**WHAT THE EXERCISE ASKS**
Set down the lines below, exactly, starting at the one that contains "Price Chopper Ad from 08/30/2020" and stopping at the last line, inclusive. Omit pictures.

**SOURCE MATERIAL**
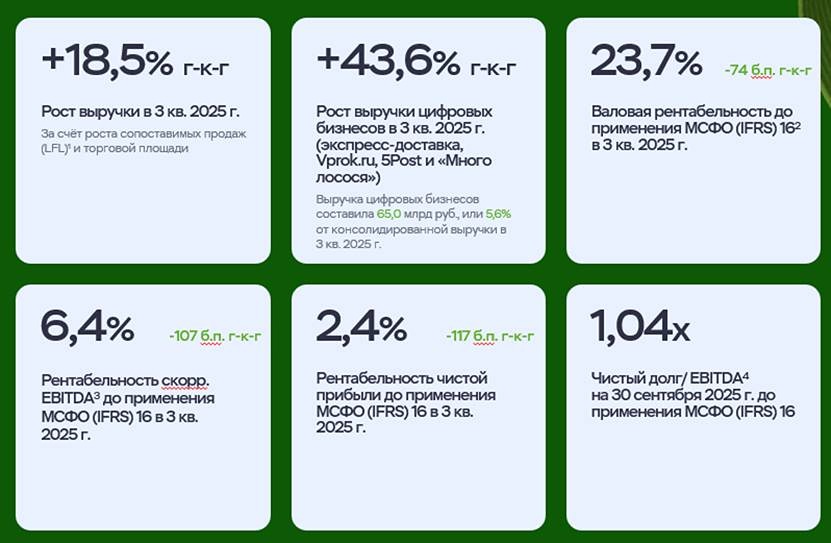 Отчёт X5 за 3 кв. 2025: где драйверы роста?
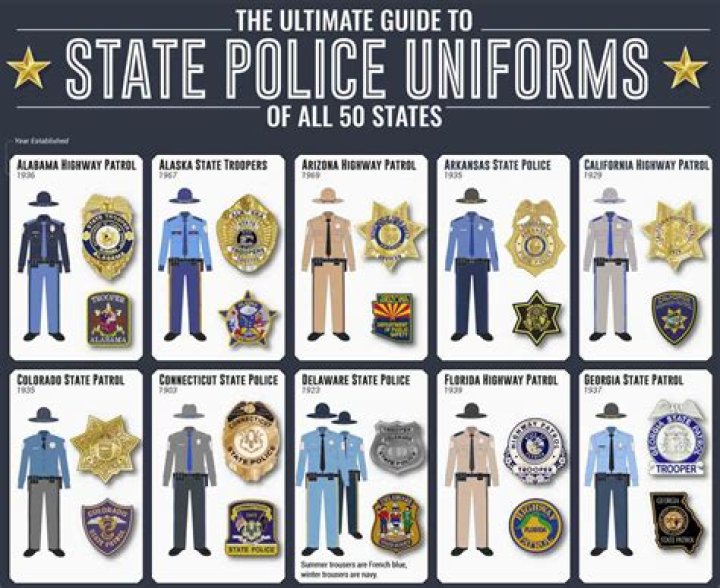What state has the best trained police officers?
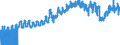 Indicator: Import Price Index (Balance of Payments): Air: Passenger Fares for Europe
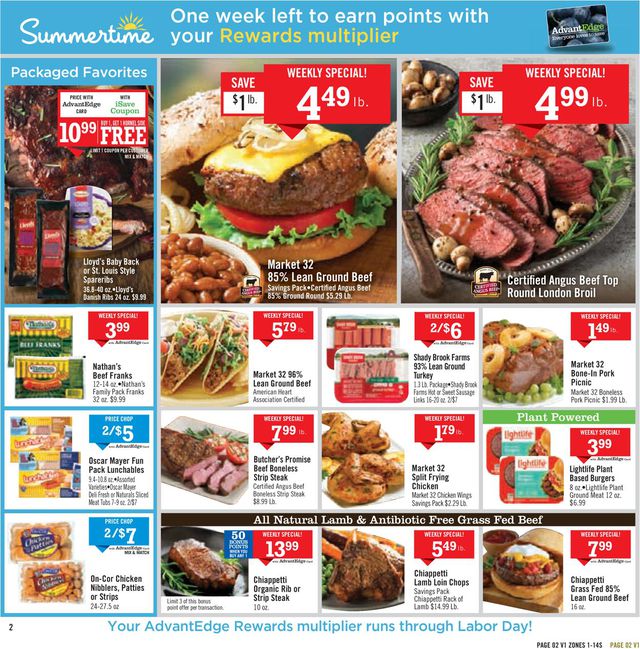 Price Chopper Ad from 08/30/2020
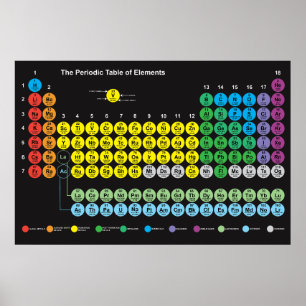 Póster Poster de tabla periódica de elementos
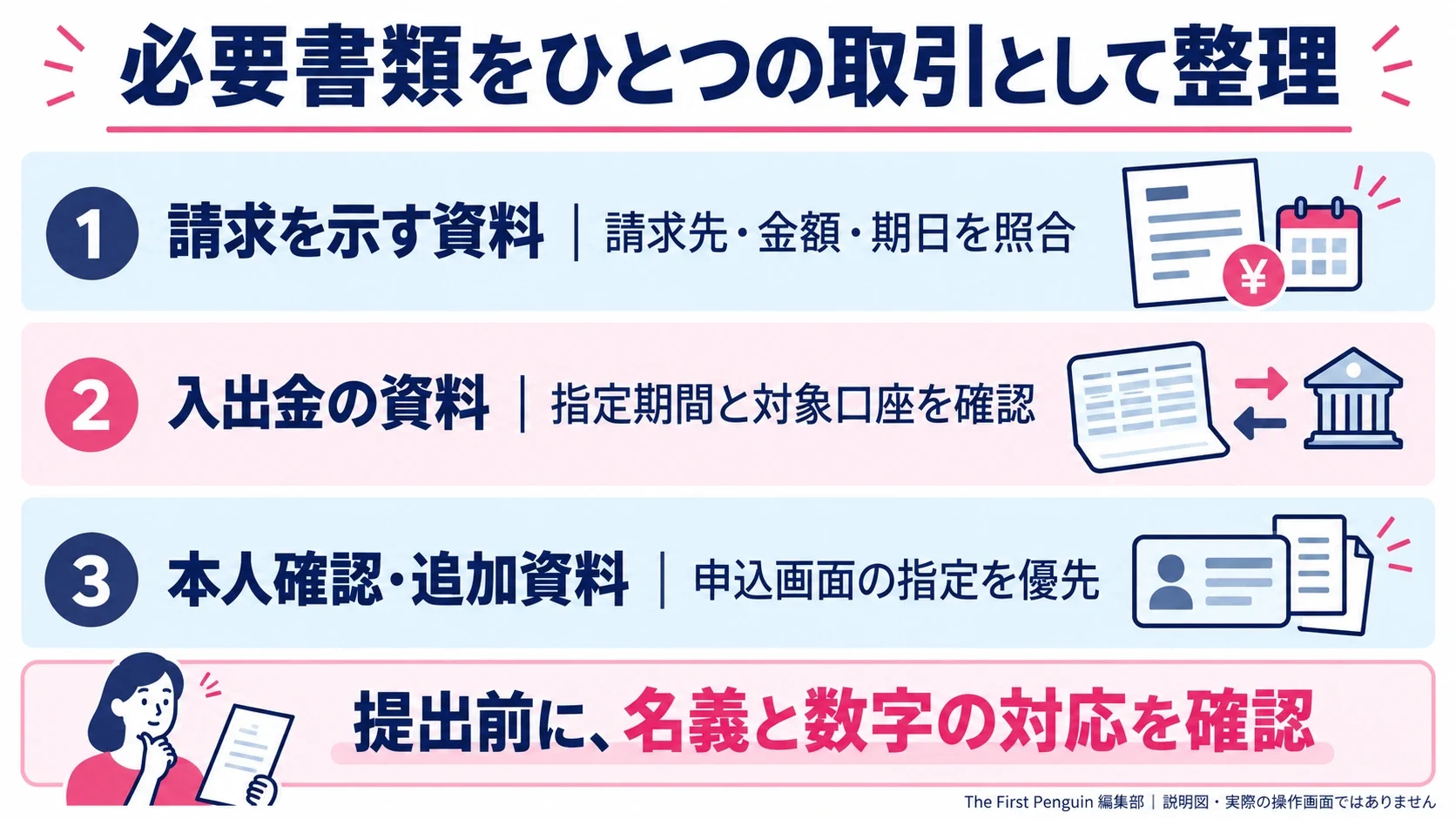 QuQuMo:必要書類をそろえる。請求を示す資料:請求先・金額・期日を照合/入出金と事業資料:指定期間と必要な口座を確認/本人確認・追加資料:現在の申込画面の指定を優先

**EXERCISE OUTPUT**
 Price Chopper Ad from 08/30/2020
 Póster Poster de tabla periódica de elementos
 QuQuMo:必要書類をそろえる。請求を示す資料:請求先・金額・期日を照合/入出金と事業資料:指定期間と必要な口座を確認/本人確認・追加資料:現在の申込画面の指定を優先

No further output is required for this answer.